Political Scientist Ulf Mörkenstam has shown that the Swedish Sami policy in the late 19th century was designed to resolve a problem that the State considered important, namely the conflict of interest between the reindeer husbandry industry and the resident populations. Parliament passed the first Reindeer Grazing Act in 1886 which had serious consequences for Sami rights. With them, the Sami lost the right to own land and the individual reindeer pasture right was turned into a collective right for the Sami villages. Moreover, the rights were different for men and women.
Reindeer herding was defined as a man’s job and the reindeer-herding Sami woman’s rights were based on her husband’s status, including whether he was defined as a Sami or not. The woman’s legal status was thus dependent on the man’s, a system that persisted until 1971 when the concession herding system was introduced.

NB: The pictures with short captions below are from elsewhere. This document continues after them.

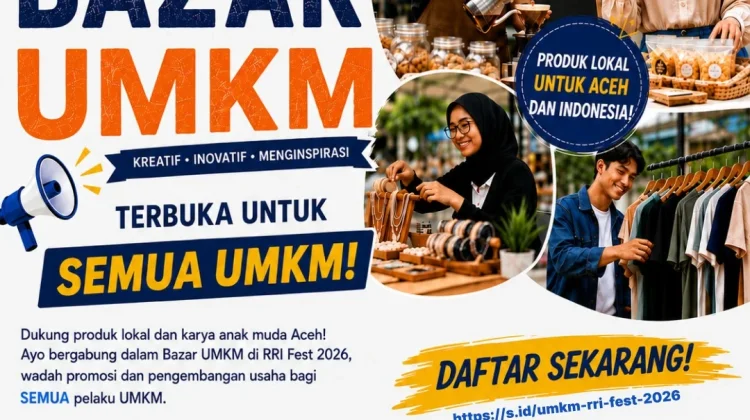 RRI Fest 2026 Hadirkan Bazar UMKM, Wadah Promosi Produk Lokal Aceh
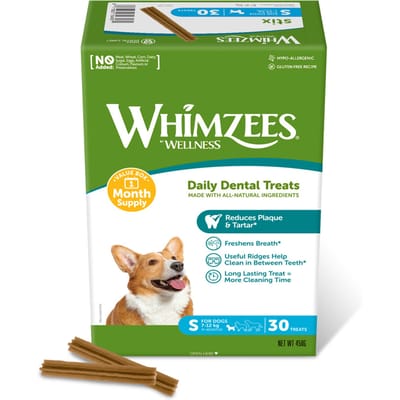 Voordeelpakket: 2x 450 g Whimzees Monthly Stix Box maat S hondensnacks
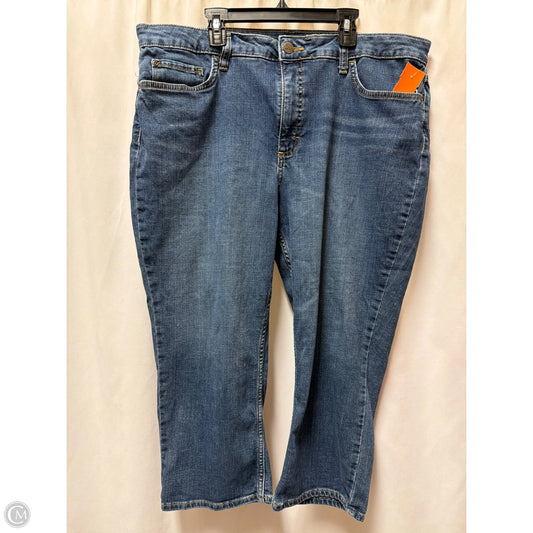 Capris By Lee In Blue Denim, Size: 18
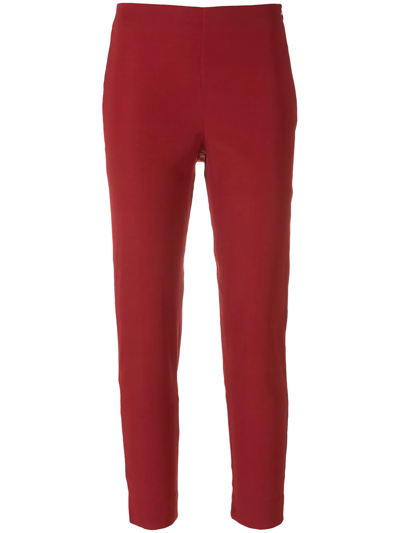 Lenny Niemeyer Premium Silk Skinny Trousers In Red
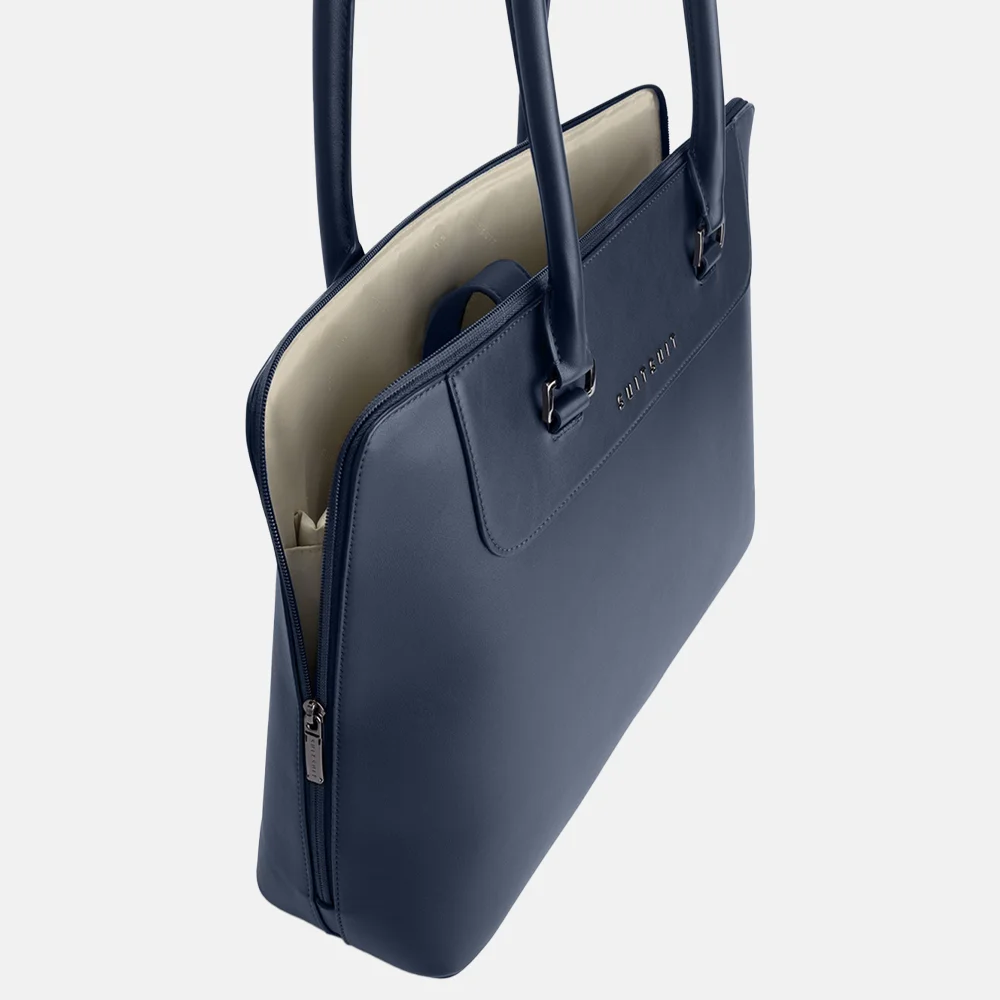 Suitsuit Mystique laptoptas 16 inch midnight blue bij Duifhuizen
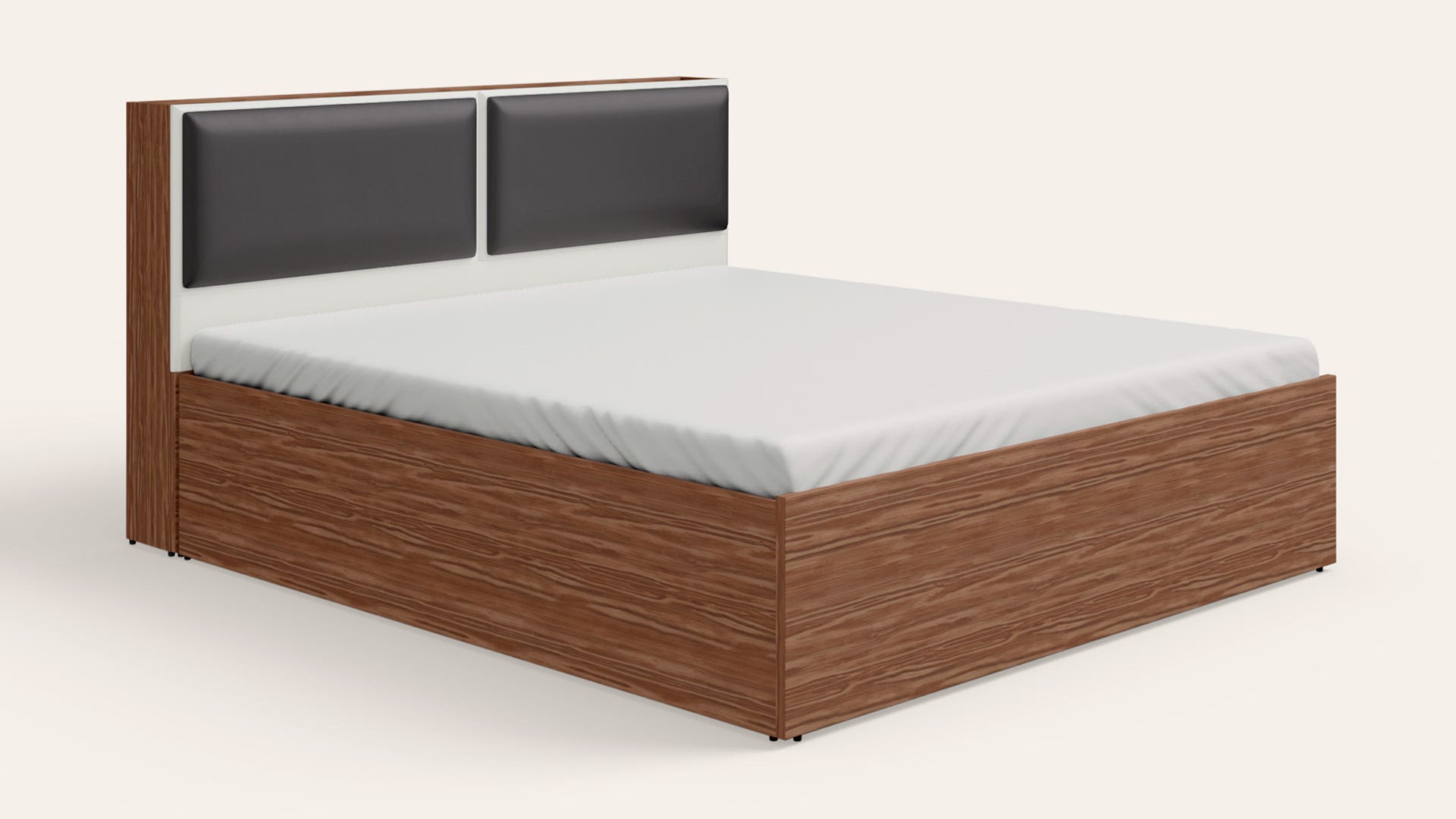 Electra Queen Size Wooden Bed with Box Storage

One example described by Lundmark is found in 1909 report on the Sami schools where reindeer herding is considered incompatible with civilisation. The special education system for certain Sami, the Sami schools, were intended for the children of the nomadic mountain Sami. Wooden Lapp cots were built where the children lived and were taught. This effectively separated the children of the mountain Sami from those of the forest Sami. The State regarded the forest Sami as corrupted nomads, since their way of life was not considered to be as genuinely Sami as that of the mountain Sami. The children of the forest Sami and other domiciled Sami had to attend the same schools as the Swedish children. The level of teaching in the nomad schools was not the same as for Swedish children, but the teaching hours were shorter and the competence requirements for the teachers were lower.
Mother tongue teaching
The Sami feel that the local authorities do not take the Sami right to mother tongue teaching seriously, even to the point of openly opposing it. It is evident that a child’s possibilities for receiving mother tongue teaching are in many cases dependent on the parents’ involvement and knowledge of Sami linguistic rights.
The assimilation and education policy have put the Sami languages under threat. The South and Lule Sami risk extinction and the North Sami language is in a precarious situation. It is therefore crucial for the Sami languages that the language shift ceases and that the Sami languages are preserved and developed. The lack of teachers in the Sami languages is a major structural problem that must be resolved in order to secure their linguistic survival and development.